It is possible to access a service such as PostgreSQL on the localhost of an Ubuntu/Linux host machine from inside of a docker container with a bit of configuration.

Networking Configuration

First thing here is to understand that there are different docker networking modes, and the method you use to connect to a host service from inside the docker container will differ depending on the networking mode of the container.

Here we will be discussing only the default networking mode bridge. On linux this mode leverages a network interface on your host called docker0, and both the docker host and containers get their own IP addresses on that bridge. The host address is static and the container addresses are dynamically assigned when a container is launched.

In bridge mode you cannot use localhost from inside a container to reach the host, instead you can acquire the IP address of the host machine on the docker0 interface and pass it into the docker container.

Note: As of docker 18.03+, those running docker for windows and docker for mac can use host.docker.internal from inside the container to access the host IP, in development environments.

Acquire the Host IP

From the host machine, list all network interfaces: ip address show

Note: While many guides out there would have you use the ifconfig command, that command has actually been deprecated for years, and as of Ubuntu 18.04 it no longer even ships with the default distribution, so here we use the preferred ip address show command instead.
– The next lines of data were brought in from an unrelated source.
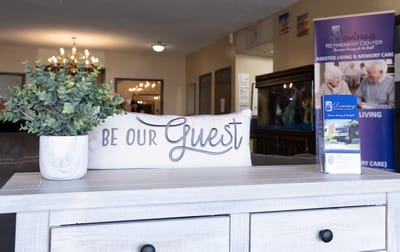 Welcoming lobby with a 'Be Our Guest' sign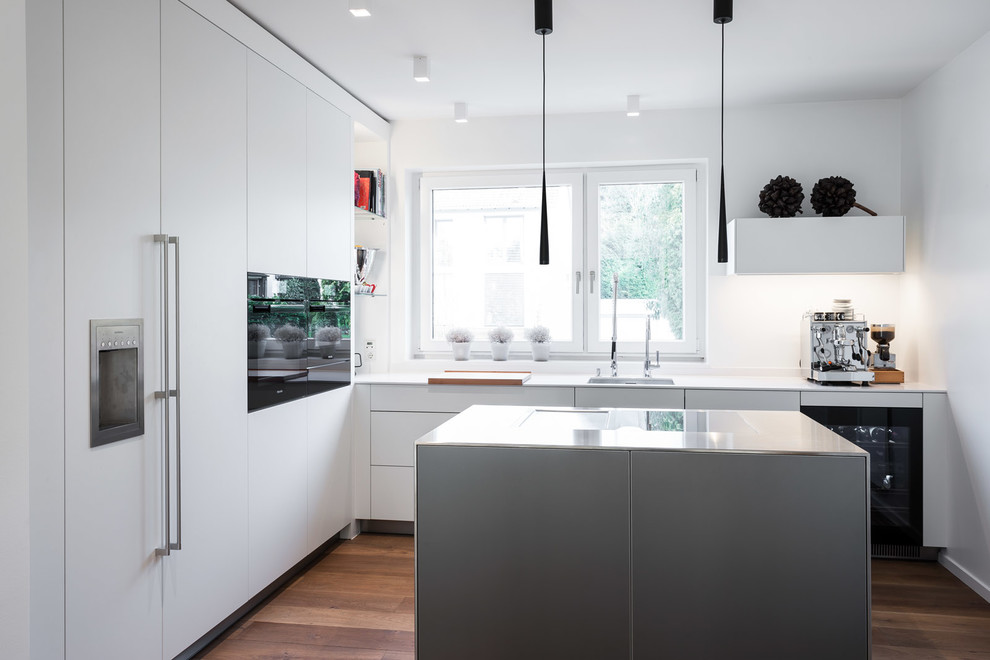 Photo of a mid-sized contemporary l-shaped separate kitchen in Dusseldorf with an integrated sink, flat-panel cabinets, white cabinets, white splashback, black appliances, dark hardwood floors, with island, brown floor and white benchtop.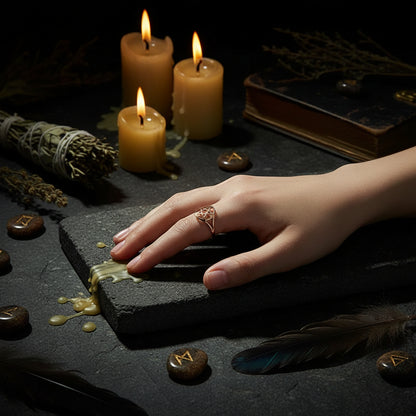 Hand wearing a gold ring with a geometric design on a white surface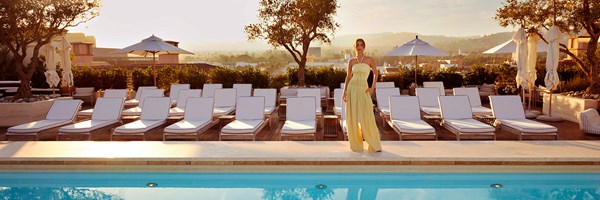 A woman in a flowy yellow outfit stands infront of white deckchairs and a blue pool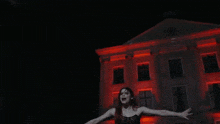 a woman stands in front of a building with red lights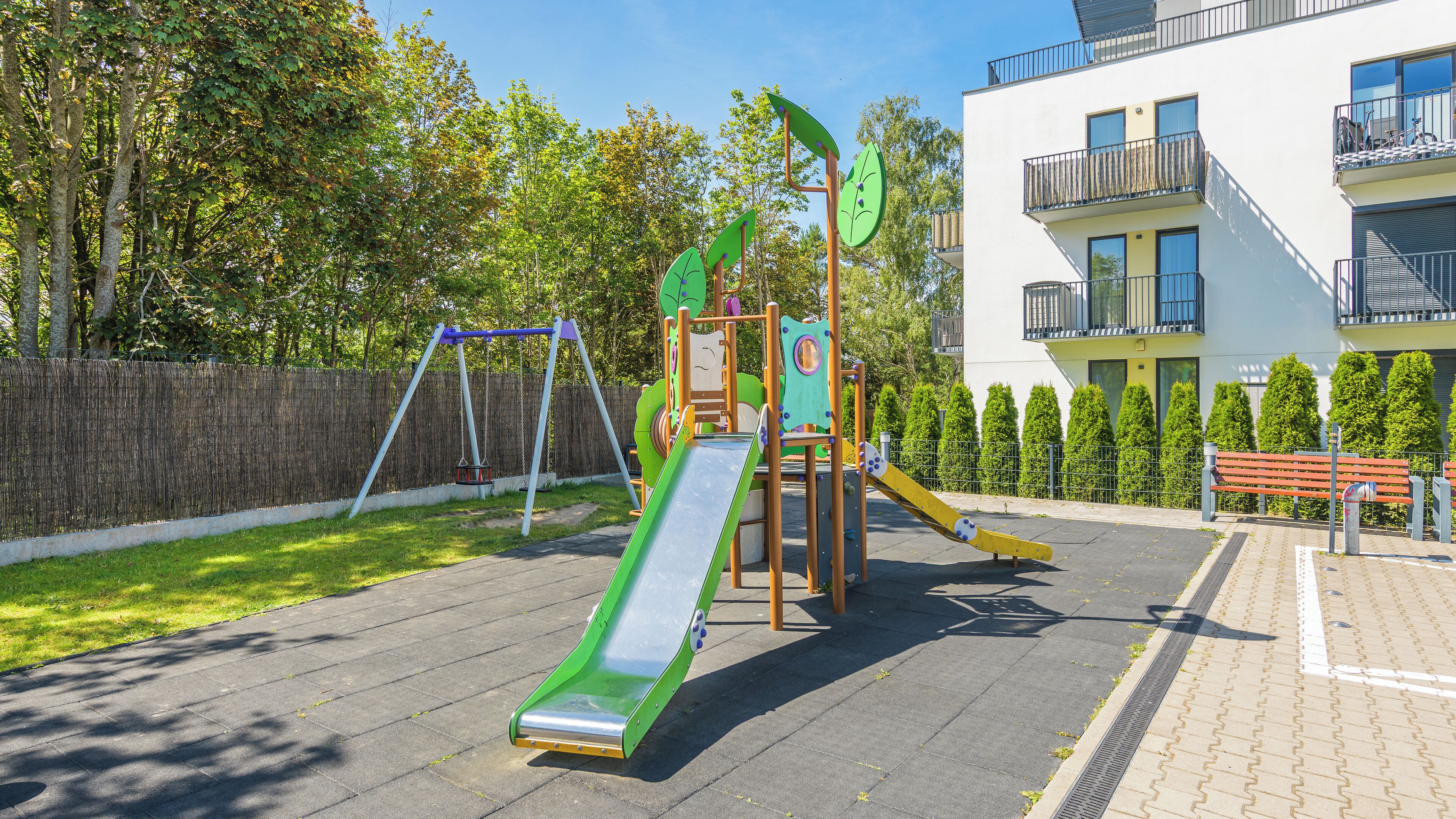Un parque infantil con tobogán y columpios, rodeado de una valla y árboles, con un edificio al fondo.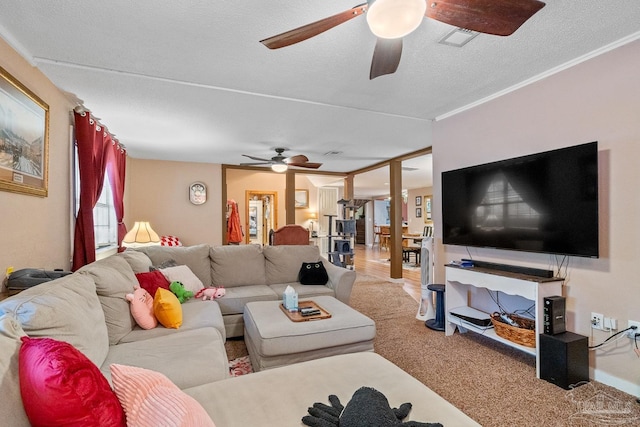 living room featuring carpet floors, visible vents, a textured ceiling, and a ceiling fan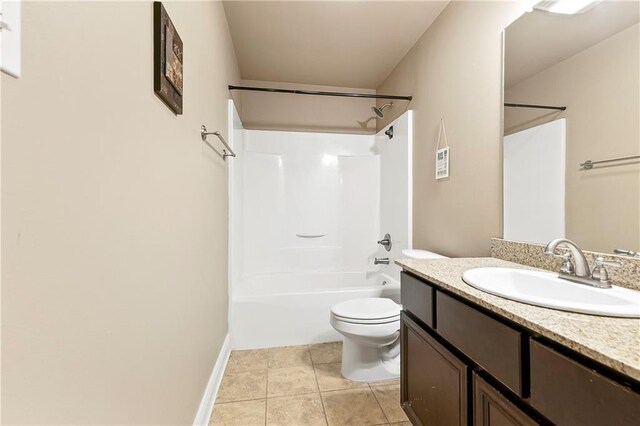 15488 Lake Ramsey Rd, Covington, LA 70435 - bathroom featuring vanity, toilet,  shower combination, tile patterned flooring, and baseboards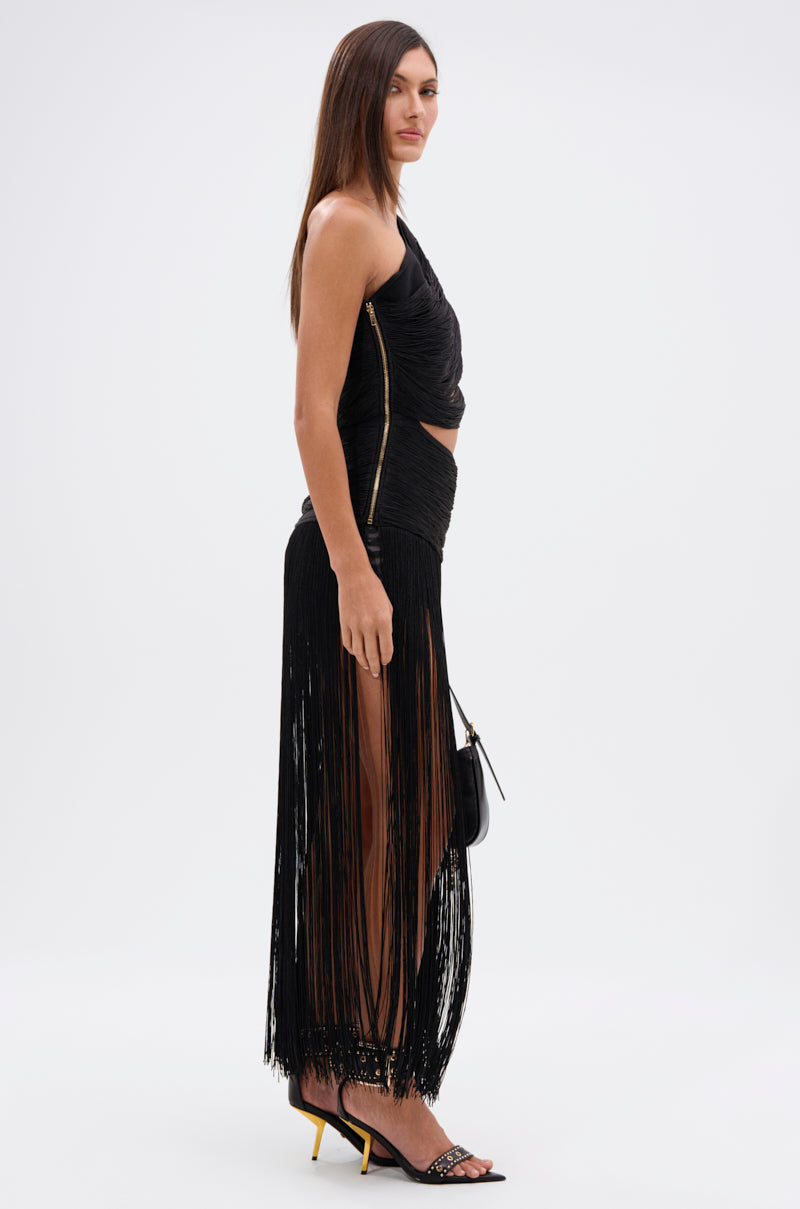 A woman stands in profile against a white background wearing the GINA SINGLE SHOULDER FRINGE TOP and a black fringed skirt. She accessorizes with a small black purse and high-heeled sandals, embodying showstopping style.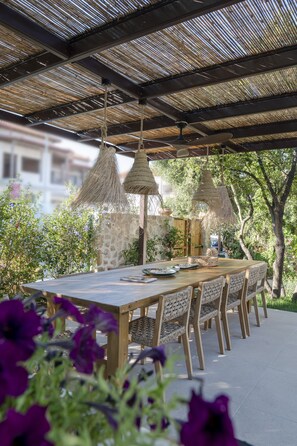 An outdoor dining area with a long table and chairs, surrounded by greenery and a thatched roof structure. - Elea 1 - Modern, comfortable furnishings, close to the beach (Ierissos)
Note the inet address of the docker0 interface. In the following example it is 172.17.0.1/16:

3: docker0: <NO-CARRIER,BROADCAST,MULTICAST,UP> mtu 1500 qdisc noqueue state DOWN group default   
    link/ether 02:42:a6:83:2f:1d brd ff:ff:ff:ff:ff:ff  
    inet 172.17.0.1/16 brd 172.17.255.255 scope global docker0  
       valid\_lft forever preferred\_lft forever

To get the host IP address we just clip the /16 from the end of the CIDR: 172.17.0.1

Give the Host IP to the Docker Container

To keep the container portable, we should always pass in the address dynamically rather than hard coding it inside our code in the container. With docker there are many ways to do this.

Here I create an environment variable named DB_HOST in the container that our code will need to read:

docker run -e DB_HOST=172.17.0.1

Here I create a new DNS/hostname called database inside the container:

docker run --add-host=database:172.17.0.1

Note: You could also use ip address show docker0 and awk to obtain the host IP address dynamically and build that into the docker run command but I’ll leave that for another time.

PostgreSQL Configuration

Now your local postgres service needs to be configured to allow incoming connections from the docker container. There are two configuration layers that will need to be addressed depending on your setup.

Note: I am running Postgres 10.x on Ubuntu 18.04 with postgres installed via the main repository. The location of your config files may vary depending on your setup. Also note that these files may appear blank unless you use sudo to open them.

postgresql.conf

First we need to allow incoming connections from docker via the main postgres configuration file: /etc/postgresql/10/main/postgresql.conf

The listen_addresses parameter controls which network interfaces we listen for connections on, and by default this is commented out and defaults to localhost only. We need to uncomment it and add the IP address of the docker0 interface from the previous secion like so:

listen_addresses = 'localhost,172.17.0.1'

Alternatively you could just use * to accept connections from all local network interfaces. This is a very common practice as authentication is controlled separately as we will see in the next section, and access from outside the Ubuntu host machine is controlled via software and/or hardware firewall. Even so I prefer to list the address explicitly because security is all about redundancy.

pg_hba.conf

Now we need to specify specify authentication rules via the client auth config file: /etc/postgresql/10/main/pg_hba.conf

You need to either modify or add a row in the # IPv4 local connections section with the address set to the network-wide CIDR of the docker0 interface on the host. This should be the inet address we obtained in the last section which still has the /16 attached to the end. Using this ensures that we will allow incoming connections from all docker containers created on the docker0 bridge without having to know their specific IP addresses.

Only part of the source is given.